It is the contention of the defendant in error that it appearing in the complaint that the grantee had complied with the requirements of the law and everything was complete except the issuance of the patent, it was necessary to further aver that the purchaser had knowledge or notice of the supposed mistakes or wrongs charged in order to deprive him of the benefit which inheres in the position of a bona fide purchaser. And this it is contended is the effect of United States v. Clark, 200 U.S. supra. But the position of a bona fide purchaser is not to be assumed from the allegations of the complaint, which do no more than state the several transfers without any allegation showing affirmatively that the defendants are bona fide purchasers for value, in which event only could this defense be successfully made by demurrer to the complaint. Bona fide purchase is an affirmative defense, which the grantee must set up in order to defeat the right of the railroad company to have a trust declared in the lands in question, if the bill is otherwise sufficient for that purpose. This matter was directly involved and considered in Wright, Blodgett Company, Limited, v. United States, decided February 23, 1915, ante, p. 397, and it is only necessary in this connection to refer to that case.

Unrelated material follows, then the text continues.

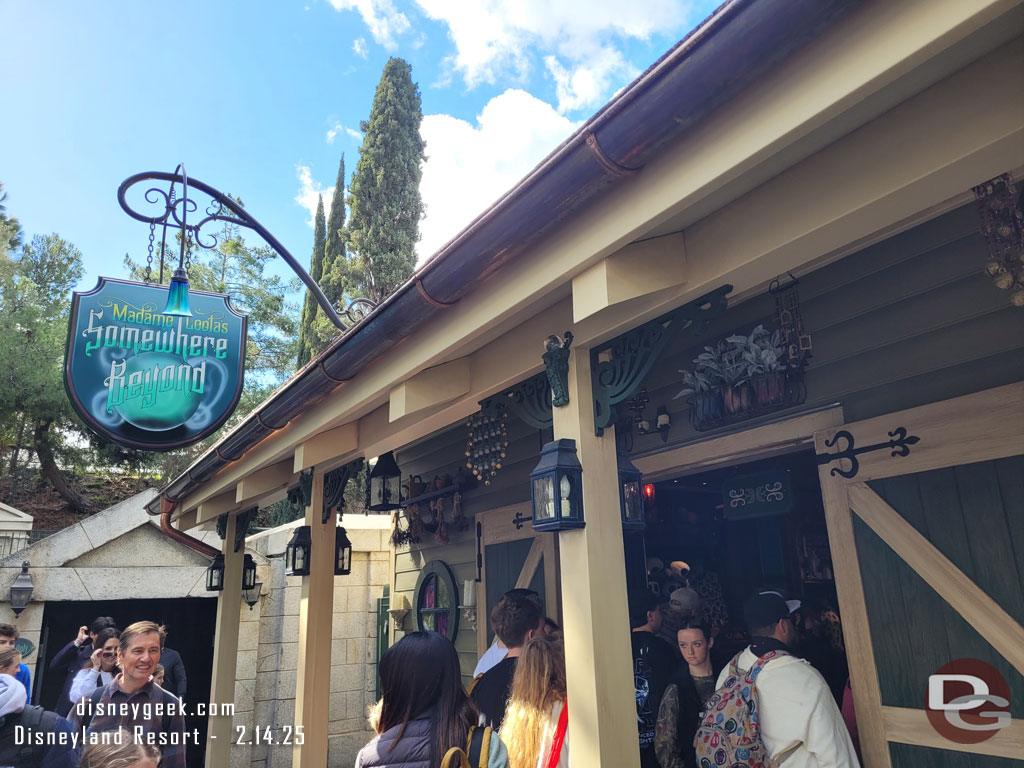 The store is open but you have to use the single door facing the Haunted Mansion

The question then is, was there sufficient compliance with the homestead law to entitle Carter to the benefit thereof? It is not contended that the courts may refuse to follow the conclusions of the Land Office, based upon testimony as to matters of fact, but the insistence is that there is here such a clear mistake of law upon the facts found as to entitle the complainant to the relief sought. As it is stipulated in the decision on the demurrer that the findings of the officers of the Interior Department may be looked to, they must be had in mind in addition to the facts already recited from the complaint. Upon the appeal to the Commissioner of the Land Office from the finding of the Register and Receiver, that official held:
"I, therefore, have no doubt of the good faith of Carter in his present application, and he now offers to amend his application so as to include the land which the Government finally determines his improvements are placed upon, and to drop from either the eastern or the southern boundary of his claim sufficient land to enable him to include the actual tracts upon which his improvements are located; provided the Department finally holds that his homestead improvements are not upon the N.E. 1/4.
"The patenting of Lot 2 to E.B. Carter and Lot 1 which lies between him and N.E. 1/4 to the railway company, place them beyond the jurisdiction of this office, and the suggested adjustment cannot be had, and the only relief that can be extended to him is to award him the N.E. 1/4, upon the principle of constructive residence, which, I think, may in all equity and justice be applied in his case; he made some improvements on the N.E. 1/4, believed he was residing on that quarter and lived there six years in that belief, and made application for that tract, so believing; therefore under the decisions of the Department in Kendrick v. Doyle, 12 L.D. 67; Noe v. Tipton, 14 L.D. 447; Staples v. Richardson, 16 L.D. 248, and others, I rule that Carter's residence in good faith in a house believed to be upon the land, covered by his application is a constructive residence on such land, and that since said residence antedates the selection of the railroad company he had the better right thereto.
"I therefore hold the company's selection of the said N.E. 1/4 for rejection, subject to appeal, with a view to permitting Melvin J. Carter to perfect homestead entry thereof should this decision become final."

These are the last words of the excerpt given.